It would be a difficult and ultimately fruitless task to try to determine just how literally any of these metaphors was believed. The answer, no doubt, would vary from person to person, culture to culture and generation to generation. Did the discrepancy between Lorens’ butterfly and the butterfly on the twig really bother anyone? Did people eye priests over sceptically and mutter mutinously that anyone could see they weren’t actually dead? Aquinas’ care to explain the exact mechanics of transubstantiation, and Bernard of Anger’s defensiveness about the possibility of worship being transferred from idea to idol, suggest that the boundaries between observation and allegory could be and sometimes were problematic. However, the beauty of allegory is that it allows – indeed, requires – belief and understanding of the world on multiple levels at once. In an era fascinated with self-exploration, the observable butterfly is of limited interest; but the allegorical butterfly provides an opportunity to explore the relationship of the physical human body to the world, and vice versa. The continuum between mind and body allowed things that were real purely in the mind – the imaginary, the allegorical, the divine – to be translated and understood through the medium of the body, in order to return them more real to the imagination.

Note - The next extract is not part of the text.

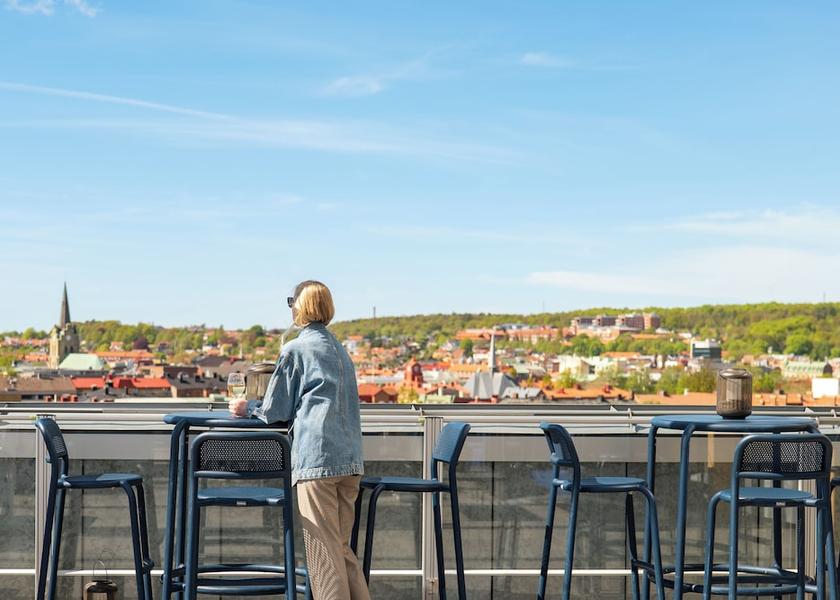 Halland County Halmstad Rooftop terrace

There is therefore no absolute neat division between the literal and the imagined: both frequently spilled out into the space between them in which meaning could be explored. If the three-headed Trinity had the capacity to shock the conservative with its literal embodiment of a spiritual metaphor, the fact that it existed at all shows that the space between the two extremes was at once fruitful and fascinating to the mediæval mind.

1 The book of vices and virtues: a fourteenth century English translation of the Somme le roi of Lorens d'Orleans, ed. W. Nelson Francis, Early English Text Society OS 217 (London: Oxford UP, 1942), 60

2 Michael Camille, ‘The image and the self: unwriting late medieval bodies,’ in Framing Medieval Bodies, eds. Sarah Kay and Miri Rubin (Manchester & New York: Manchester UP, 1994), 94.

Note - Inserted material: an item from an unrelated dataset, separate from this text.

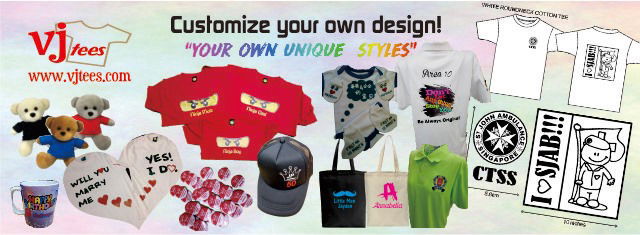 VJ Tees & Services - Queensway printing store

3 Considering the treacherous mutability of the feminine body in mediæval thought, the gendering of the butterfly as feminine may well be deliberate. As the French “papillon” is masculine, the use of “elle” or “sche” is unlikely to be an accident of grammar.

4 Vices and Virtues, 47.

5 Gerald of Wales, The History and Topography of Ireland, trans. John J. O’Meara (Harmondsworth: Penguin, 1982), 181.

6 Gerald of Wales, Topography, 75.

7 The Book of Sainte Foy, trans. Pamela Sheingorn (Philadelphia: Pennsylvania UP), 79.

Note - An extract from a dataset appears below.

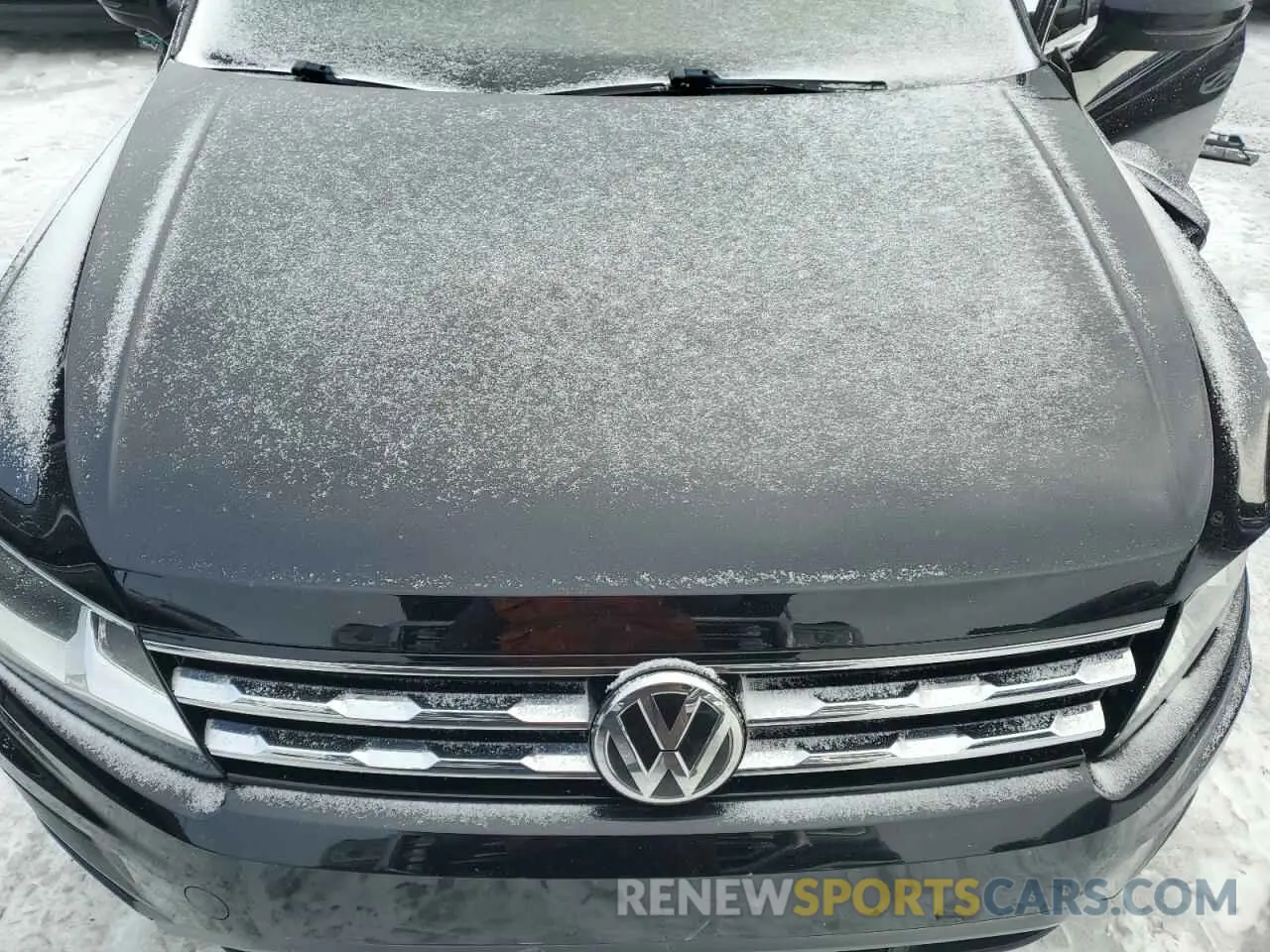12 fotografías del automóvil dañado 3VV2B7AX4LM114786 VOLKSWAGEN TIGUAN 2020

8 Camille, ‘The image and the self’, 84-85.

9 Paul Binski, Medieval Death: Ritual and Representation (New York: Cornell UP), 58.

10 Peter Richards, The Medieval Leper and his Northern Heirs (Cambridge: D. S. Brewer, 1977), 123.

11 Lorens d’Orleans extends the metaphor from the body of the priest to that of the sinner when he speaks of backbiting, saying that those who slander “þe goode holy men of religioun” who are “dede as in þis world” are themselves transformed into “þe felle and wikkede best þat men clepeþ heyene, þat goþ and delueþ vp dede bodies of folke and eteþ hem” (Vices and Virtues, 59).

12 Thomas Aquinas, Summa Theologiae: A Concise Translation, ed. Timothy McDermott (London: Eyre and Spotswood, 1989), 578.


a Gerald of Wales, The History and Topography of Ireland, trans. John J. O’Meara (Harmondsworth: Penguin, 1982). Gerald of Wales writes of his travels in Ireland, telling of the strange ways of Ireland. Cocks crow at a different time, snakes are not poisonous, children are often deformed or weak, there are werewolves and other odd creatures, etc. He is particularly (and sympathetically) interested in the monstrous hybrids he met there – several creatures, half human and half beast, which are all the results of humans copulating with animals, because the Irish are so degenerate. He himself is half Welsh, and his mixed blood seems to have led to discrimination against him during his lifetime.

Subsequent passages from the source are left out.